The first thing that you need to know is that the word “blessed” can be translated “happy” (the New American Standard gives it this translation in Romans 14:22).  That means we could subtitle this section: “How to be Happy.”





“Blessed are the poor in spirit, for theirs is the kingdom of heaven.” (Matthew 5:3).


What does it mean to be “poor in spirit”?  That is a quality of which we do not speak.  But if you take the words apart, it is really very simple to understand.


We know all about poverty.  That is when you don’t have something.  That is the lower end of the “have’s” and the “have nots.”  Of course, we know that poverty can be a bit relative.  When I say that, I’m not speaking of family relatives: “Where there’s a will, there’s a relative”.  I’m referring to the truth that not all poverty is created equal.  I saw that when Tom and I traveled to Moldova earlier this year.  What we call poverty, they call normal.  We call poverty when you have to do without certain luxuries.  They call poverty when you have no food for an extended period of time.
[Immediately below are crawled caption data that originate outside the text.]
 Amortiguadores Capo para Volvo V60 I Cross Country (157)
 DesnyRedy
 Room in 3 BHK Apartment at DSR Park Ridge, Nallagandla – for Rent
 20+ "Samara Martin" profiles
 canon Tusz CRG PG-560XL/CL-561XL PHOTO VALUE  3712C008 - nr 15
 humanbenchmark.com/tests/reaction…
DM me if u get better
The Greek language has a word to distinguish between the two types of poverty.  In Greek, you can speak of someone who is poor and they have no money for any extra things.  Or you can speak of someone who is completely impoverished and who is without even the basic necessities.  It is the second type of poverty that Jesus describes in this verse.


Happy is the one who is not merely spiritually lower middle class.  Rather happy are those who are spiritually bankrupt and destitute.
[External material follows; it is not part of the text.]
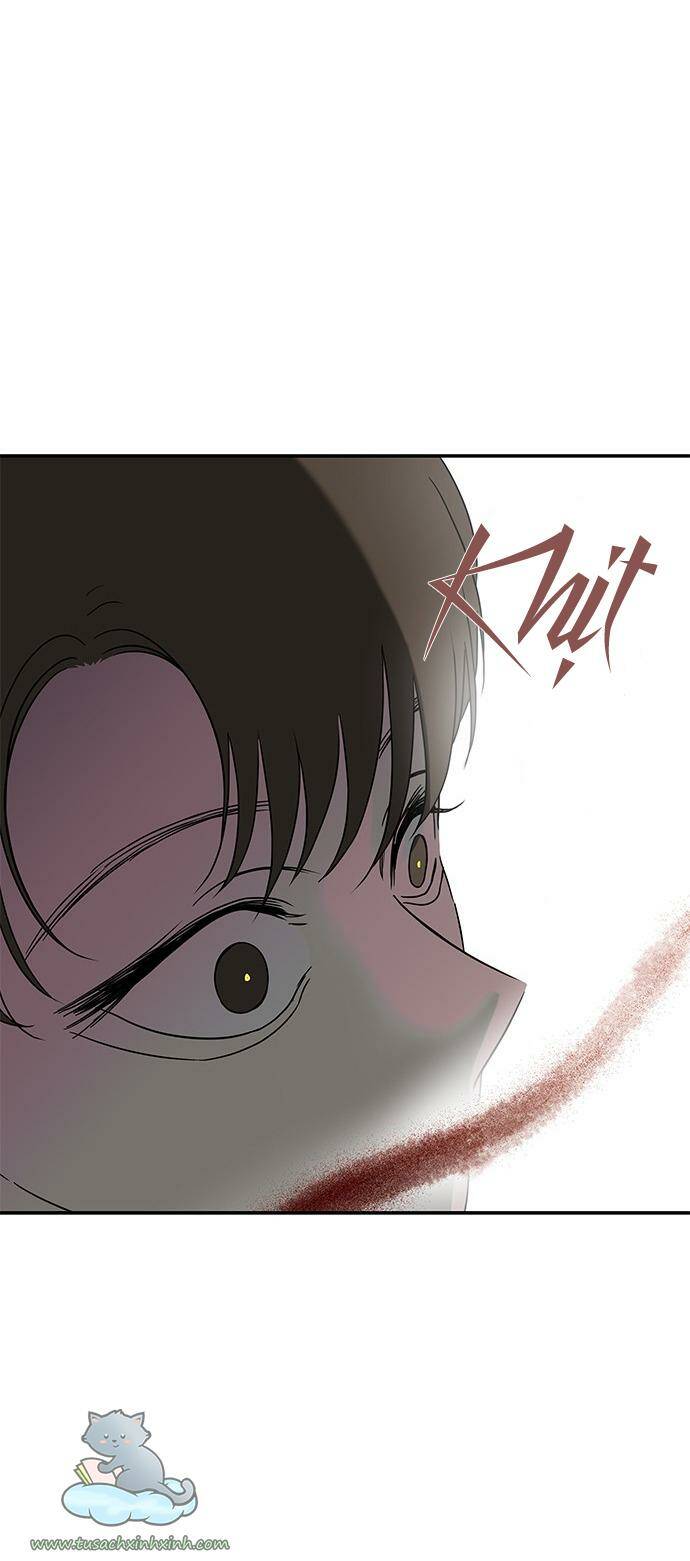 Cạm Bẫy Chapter 60 - Trang 2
This goes beyond all normal reason.  Why would Jesus say such a thing?  Because it is only when you come to terms with the fact that you are spiritually bankrupt that you can even be saved.  It is only then that God gives to you all of the riches that are in Christ Jesus.


On what are you depending for your salvation?  If you were to stand before God this morning and He were to ask you why you should be allowed into heaven, to what would you point?  If your answer was to have anything to do with your own goodness and spiritual worth, then you are lost.  The only one who ever gets to heaven is the one who realizes that he doesn’t deserve to be there.  Christ didn’t come to save good people.  He came to save the lost.  And you can only find His true happiness and blessings when you come to understand that you are spiritually impoverished.


Jesus is saying, “Happy is the man who is spiritually destitute, who has to come and plead for mercy, because it is that kind of man who enters the kingdom of heaven.”


You will never enter the kingdom of heaven unless you have a sense of your own spiritual bankruptcy.  You will never become a citizen of the kingdom unless you realize that you are unworthy.  The kingdom is not for the self-sufficient.  They have no reason to trust in Christ.  God does not save the self-sufficient.  He only saves those who have found their sufficiency in Christ.


God is looking for people who are poor in spirit.  He seeks to bring forth this quality in our lives.  A broken spirit is a spirit that He can use.


This process is not very pleasant.  It is often painful.  We cry out, “Why is the Lord putting me through this?”  The answer is that God is preparing us.   He is making us to be poor in spirit.


God is doing a work in you.  He is at work within you, bringing to the place where you will recognize your spiritual poverty.  And when you come to that point, then you have become someone whom He can use.


            The sacrifices of God are a broken spirit; a broken and a contrite heart, O God, Thou wilt not despise. (Psalm 51:17).


What happens when you experience such a broken spirit and such a contrite heart?  At such a time, you mourn over your lost condition.  That brings us to our next point...





“Blessed are those who mourn, for they shall be comforted.” (Matthew 5:4).


Notice the tense of this verse.  It is present tense.  It doesn’t say: “Blessed are those who use to mourn but are now over it.”  No.  It says, “Happy is the one who is mourning now, for he will find comfort.”


What kind of mourning is this?  I want to suggest that this describes the one who is mourning over his spiritual condition.  These two verses go together.


Verse 3 describes the one who recognizes his spiritual poverty


Because of his spiritual poverty, he now mourns


This is not the sorrow of the world.  The sorrow of the world is usually sorry only about getting caught.  The world says, “I didn’t do anything wrong and I promise never to do it again.”  This is a godly sorrow that brings about repentance.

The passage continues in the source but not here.